V = \surd((27(x^2)-2)/ (x^2)) writing V as dx/dt, and integrating on both sides, we get, (\surd((27*(x^2))+2))/27=t

applying limits, x=1 when t=0 and x=x when t=5 we get x=26.94438

The question is really simple if you work on the basis of conservation of energy. At x=1 we have the sum of Potential and Kinetic Energy to be equal to 27\2 At any other point x,consider the velocity to be V and the potential energy will be 1\x^2 So,from conservation of energy we have (V^2)\2 +1\x^2=27\2 So,V^2=27-(2\x^2) Write V as dx\dt and integrate keeping limits of x as x=1 to x=x and t=0 till t=5 Solve the equation that you get,and you will get the answer to be around 27metres. Note: The velocity was in the forward direction,so we have assumed x to be increasing.

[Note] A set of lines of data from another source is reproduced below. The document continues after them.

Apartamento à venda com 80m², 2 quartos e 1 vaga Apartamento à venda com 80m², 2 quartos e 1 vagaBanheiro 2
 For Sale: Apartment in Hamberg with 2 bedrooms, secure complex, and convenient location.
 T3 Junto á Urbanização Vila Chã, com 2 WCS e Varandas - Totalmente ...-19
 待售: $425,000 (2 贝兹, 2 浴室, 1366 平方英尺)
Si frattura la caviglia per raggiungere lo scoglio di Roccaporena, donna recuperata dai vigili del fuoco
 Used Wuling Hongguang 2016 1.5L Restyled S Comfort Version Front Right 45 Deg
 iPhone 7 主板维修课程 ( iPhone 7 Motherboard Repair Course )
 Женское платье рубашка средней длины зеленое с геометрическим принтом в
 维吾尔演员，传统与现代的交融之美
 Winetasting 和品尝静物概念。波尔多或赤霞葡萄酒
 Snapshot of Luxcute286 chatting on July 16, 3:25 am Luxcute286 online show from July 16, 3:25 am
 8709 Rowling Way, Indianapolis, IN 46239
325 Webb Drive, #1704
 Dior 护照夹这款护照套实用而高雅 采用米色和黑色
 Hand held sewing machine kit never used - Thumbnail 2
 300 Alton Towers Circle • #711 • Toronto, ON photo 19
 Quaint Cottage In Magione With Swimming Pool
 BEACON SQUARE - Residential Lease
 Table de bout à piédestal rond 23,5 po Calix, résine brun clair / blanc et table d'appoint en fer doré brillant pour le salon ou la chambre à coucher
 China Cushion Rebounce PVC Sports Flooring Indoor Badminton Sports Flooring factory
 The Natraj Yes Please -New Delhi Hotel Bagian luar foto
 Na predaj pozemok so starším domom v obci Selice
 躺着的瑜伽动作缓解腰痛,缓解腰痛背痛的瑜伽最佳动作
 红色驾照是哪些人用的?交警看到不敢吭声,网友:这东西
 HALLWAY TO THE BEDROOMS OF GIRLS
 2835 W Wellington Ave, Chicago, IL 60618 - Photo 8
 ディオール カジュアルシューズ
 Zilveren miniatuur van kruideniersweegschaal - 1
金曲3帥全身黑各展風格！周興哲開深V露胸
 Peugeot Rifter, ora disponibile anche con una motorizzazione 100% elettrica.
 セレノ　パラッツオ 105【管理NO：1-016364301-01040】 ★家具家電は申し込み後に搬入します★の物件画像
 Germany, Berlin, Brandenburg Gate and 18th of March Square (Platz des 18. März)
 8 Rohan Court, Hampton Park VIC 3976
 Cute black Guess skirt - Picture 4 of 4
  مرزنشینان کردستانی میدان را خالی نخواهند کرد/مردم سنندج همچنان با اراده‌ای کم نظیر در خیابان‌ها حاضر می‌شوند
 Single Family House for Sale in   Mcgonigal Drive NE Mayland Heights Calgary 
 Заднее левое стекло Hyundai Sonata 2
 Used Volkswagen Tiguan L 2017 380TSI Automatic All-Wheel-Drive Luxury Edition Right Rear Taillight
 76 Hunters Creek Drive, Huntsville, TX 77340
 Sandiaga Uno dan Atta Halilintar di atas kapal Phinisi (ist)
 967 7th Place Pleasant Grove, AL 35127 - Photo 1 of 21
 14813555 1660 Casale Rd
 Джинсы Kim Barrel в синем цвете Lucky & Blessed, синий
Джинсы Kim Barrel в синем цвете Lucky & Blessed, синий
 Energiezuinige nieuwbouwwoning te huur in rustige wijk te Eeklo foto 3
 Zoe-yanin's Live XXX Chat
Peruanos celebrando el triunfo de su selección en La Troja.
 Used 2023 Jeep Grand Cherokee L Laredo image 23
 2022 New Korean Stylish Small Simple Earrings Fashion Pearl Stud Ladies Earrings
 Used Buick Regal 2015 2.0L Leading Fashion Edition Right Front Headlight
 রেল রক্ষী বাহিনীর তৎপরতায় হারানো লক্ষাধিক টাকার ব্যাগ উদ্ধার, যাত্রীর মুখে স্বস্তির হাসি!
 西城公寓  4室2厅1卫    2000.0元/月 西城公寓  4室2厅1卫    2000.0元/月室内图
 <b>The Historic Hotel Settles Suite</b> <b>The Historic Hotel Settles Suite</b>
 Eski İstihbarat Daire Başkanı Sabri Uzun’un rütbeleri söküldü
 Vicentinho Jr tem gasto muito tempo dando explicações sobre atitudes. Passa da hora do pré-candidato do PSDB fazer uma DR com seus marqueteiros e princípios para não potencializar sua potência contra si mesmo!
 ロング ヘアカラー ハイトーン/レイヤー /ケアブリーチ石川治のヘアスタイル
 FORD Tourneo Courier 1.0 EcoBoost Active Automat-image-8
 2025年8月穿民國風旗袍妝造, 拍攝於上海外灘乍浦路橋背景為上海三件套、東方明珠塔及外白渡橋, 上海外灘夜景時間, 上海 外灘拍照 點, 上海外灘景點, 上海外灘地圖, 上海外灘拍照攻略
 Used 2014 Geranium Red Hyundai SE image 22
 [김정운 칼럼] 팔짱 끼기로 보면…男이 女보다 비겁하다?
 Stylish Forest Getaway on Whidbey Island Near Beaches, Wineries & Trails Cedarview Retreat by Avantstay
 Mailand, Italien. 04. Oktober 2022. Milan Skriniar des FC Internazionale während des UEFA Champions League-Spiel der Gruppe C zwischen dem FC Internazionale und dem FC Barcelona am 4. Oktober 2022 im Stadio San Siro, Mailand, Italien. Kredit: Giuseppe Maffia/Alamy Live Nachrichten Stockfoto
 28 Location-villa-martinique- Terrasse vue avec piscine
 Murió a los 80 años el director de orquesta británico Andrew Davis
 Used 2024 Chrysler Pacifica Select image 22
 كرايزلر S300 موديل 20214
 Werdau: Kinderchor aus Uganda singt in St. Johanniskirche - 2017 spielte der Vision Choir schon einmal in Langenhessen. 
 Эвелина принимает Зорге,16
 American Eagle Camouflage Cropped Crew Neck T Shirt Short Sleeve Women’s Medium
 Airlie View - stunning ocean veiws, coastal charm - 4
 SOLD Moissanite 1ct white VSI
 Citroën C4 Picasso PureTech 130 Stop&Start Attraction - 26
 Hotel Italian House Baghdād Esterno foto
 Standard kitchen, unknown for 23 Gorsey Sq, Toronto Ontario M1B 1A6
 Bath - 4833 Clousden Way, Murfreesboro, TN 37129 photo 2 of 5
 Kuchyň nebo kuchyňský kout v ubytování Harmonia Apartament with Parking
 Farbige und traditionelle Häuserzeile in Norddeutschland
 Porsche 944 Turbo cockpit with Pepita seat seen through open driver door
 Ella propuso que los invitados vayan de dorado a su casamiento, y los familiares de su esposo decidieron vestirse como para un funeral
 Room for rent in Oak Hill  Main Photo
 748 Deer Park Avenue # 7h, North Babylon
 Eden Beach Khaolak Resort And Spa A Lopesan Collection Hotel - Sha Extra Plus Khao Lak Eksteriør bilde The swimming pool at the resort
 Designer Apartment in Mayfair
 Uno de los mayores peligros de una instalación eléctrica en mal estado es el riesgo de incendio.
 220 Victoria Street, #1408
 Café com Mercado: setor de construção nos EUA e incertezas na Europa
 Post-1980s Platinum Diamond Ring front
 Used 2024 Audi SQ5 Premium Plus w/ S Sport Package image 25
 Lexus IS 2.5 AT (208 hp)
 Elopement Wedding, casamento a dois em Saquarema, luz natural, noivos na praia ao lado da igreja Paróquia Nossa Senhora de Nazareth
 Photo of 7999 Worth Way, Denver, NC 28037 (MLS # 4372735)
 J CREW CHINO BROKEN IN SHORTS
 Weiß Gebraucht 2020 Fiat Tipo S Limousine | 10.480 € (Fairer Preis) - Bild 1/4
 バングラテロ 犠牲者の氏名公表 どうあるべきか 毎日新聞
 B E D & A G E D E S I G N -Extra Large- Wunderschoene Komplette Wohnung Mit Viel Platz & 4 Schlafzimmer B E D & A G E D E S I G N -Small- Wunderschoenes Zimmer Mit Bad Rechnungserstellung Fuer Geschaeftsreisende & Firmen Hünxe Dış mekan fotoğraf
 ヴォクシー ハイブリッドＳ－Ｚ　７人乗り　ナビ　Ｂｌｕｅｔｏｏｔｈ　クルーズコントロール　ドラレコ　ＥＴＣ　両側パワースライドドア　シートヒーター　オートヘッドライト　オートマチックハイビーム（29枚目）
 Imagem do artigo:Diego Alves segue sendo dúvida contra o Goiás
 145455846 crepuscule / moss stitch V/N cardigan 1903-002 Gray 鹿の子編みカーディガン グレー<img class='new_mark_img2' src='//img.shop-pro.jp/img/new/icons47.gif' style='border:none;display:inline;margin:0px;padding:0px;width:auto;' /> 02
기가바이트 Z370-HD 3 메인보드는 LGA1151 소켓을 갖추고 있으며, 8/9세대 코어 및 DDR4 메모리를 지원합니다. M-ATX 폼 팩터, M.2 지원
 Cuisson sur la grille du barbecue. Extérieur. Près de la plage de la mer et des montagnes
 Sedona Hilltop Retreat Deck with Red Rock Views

Conversation of energy: V(x)+K(x)=Const => \­(\frac{1}{x^2}+\frac{v^2}{2}=\frac{1}{x 0^2}+\frac{v 0^2}{2}=13.5) => $v=sqrt{2(13.5-\frac{1}{x^2}}$ We obtain the curve of v(x). By observing this curve, we see that the speed after the initial point (1,5) is approximately fixed at value 5.2 m/s. Therefore, the distance that the point moves after 5s is L= 5x5.2=26 (m). And we obtain the postion of the particle at t=5s: x=x0+L=27 (m)

Before we try to solve the above problem in a creative way with an extra dimension, let's review the method of reducing the dimension in a central potential (which is the inverse of the technique for this problem and more familiar). We start with 2-dimensional polar coordinates. Since a central potential is only depends on the radial distance between the object and the center of the field (homogeneity in the angular part), any rotational transformation that rotates the whole space around the field's center will not change the dynamical properties of the problem , so we have a symmetry (rotational symmetry) in the angular dimension. We can therefore eliminate the angular dimension, since one can store the information about the motion of the object in that dimension by the conserved quantity that pops out from the symmetry. In the above case the angular momentum $L=mv_{\theta}r$ ( $v_{\theta}=r \dot{\theta}$ is the angular component of the velocity) around the field's center is conserved.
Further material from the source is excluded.